I live on a stretch of the Texas-Mexico border where the nearest manned Border Patrol stations along that border are over 300 miles apart; there are no "security" walls whatsoever along this 300+ mile stretch, either...

...there are, however, hundreds and hundreds of heavily-armed BPAs, and even more armed citizens.

I hate to bust utopian bubbles, but our roughly 2,000-mile long border with Mexico can never be truly "secure", no matter how militarized the partisan hacks of both parties might ever agree to.

Anyone even suggesting such disingenuous "secure" malarkey should be immediately and totally discounted...

...for they know not what they speak of (thank God for political office so these same people may be employable, at least).
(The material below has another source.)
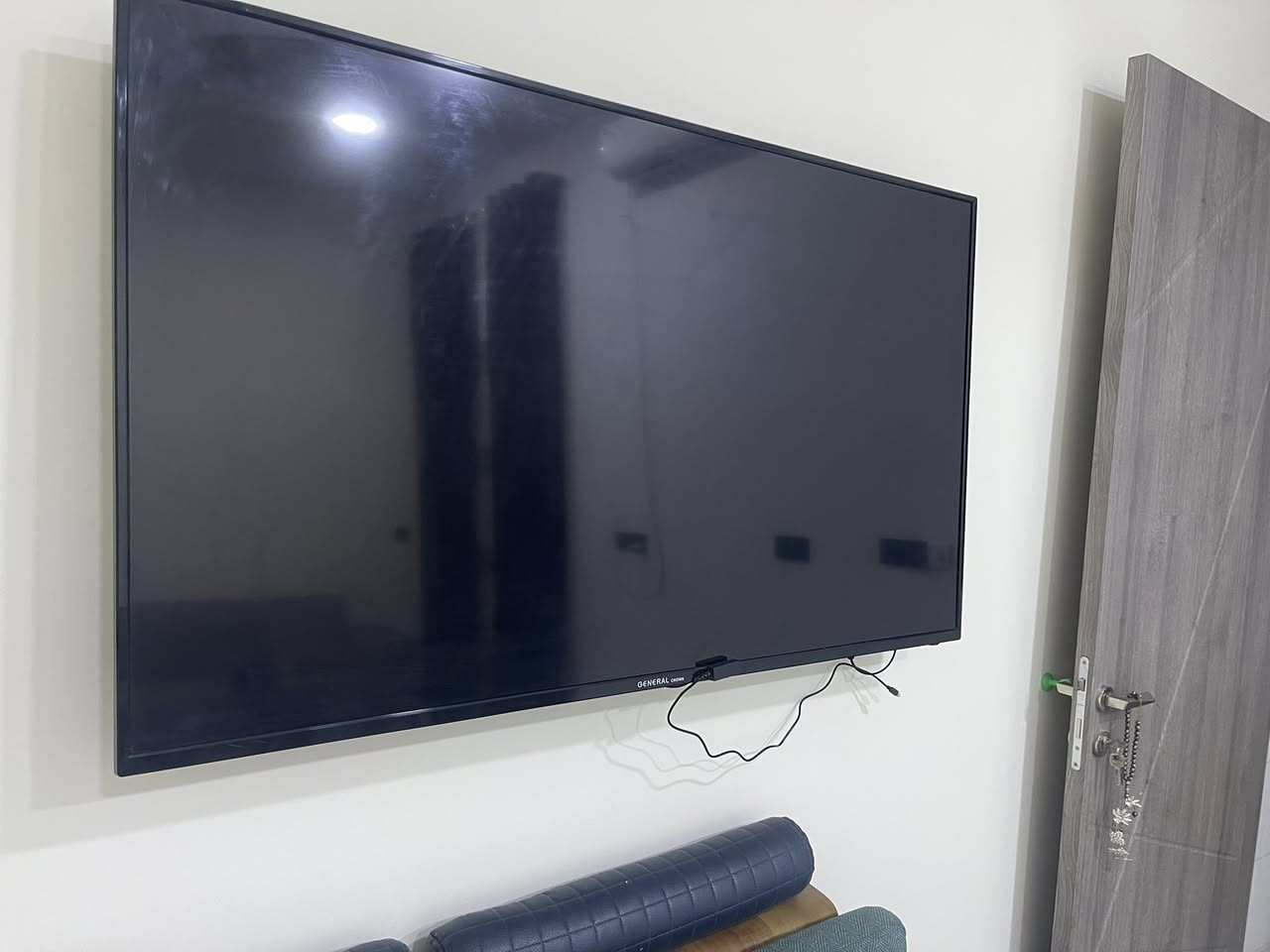 شاشة Lg حجم 65 السعر 175 وبيها مجال 
الشعب 
***********
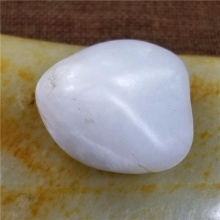 琪玉商城和田玉细腻油润白玉籽料36.6克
What's truly hilarious is still hearing so many insist on locking the door...

...after millions of foxes are already in the hen house.
 
Most incarnations of the proposal also mandate E-Verify only for new employees, thus leaving an unknown-but-likely-massive quantity of illegal aliens.

There are nuances, but for the most part the proposal is amnesty now, security later (translation: never).
 
I live on a stretch of the Texas-Mexico border where the nearest manned Border Patrol stations along that border are over 300 miles apart; there are no "security" walls whatsoever along this 300+ mile stretch, either...

...there are, however, hundreds and hundreds of heavily-armed BPAs, and even more armed citizens.

I hate to bust utopian bubbles, but our roughly 2,000-mile long border with Mexico can never be truly "secure", no matter how militarized the partisan hacks of both parties might ever agree to.

Anyone even suggesting such disingenuous "secure" malarkey should be immediately and totally discounted...

...for they know not what they speak of (thank God for political office so these same people may be employable, at least).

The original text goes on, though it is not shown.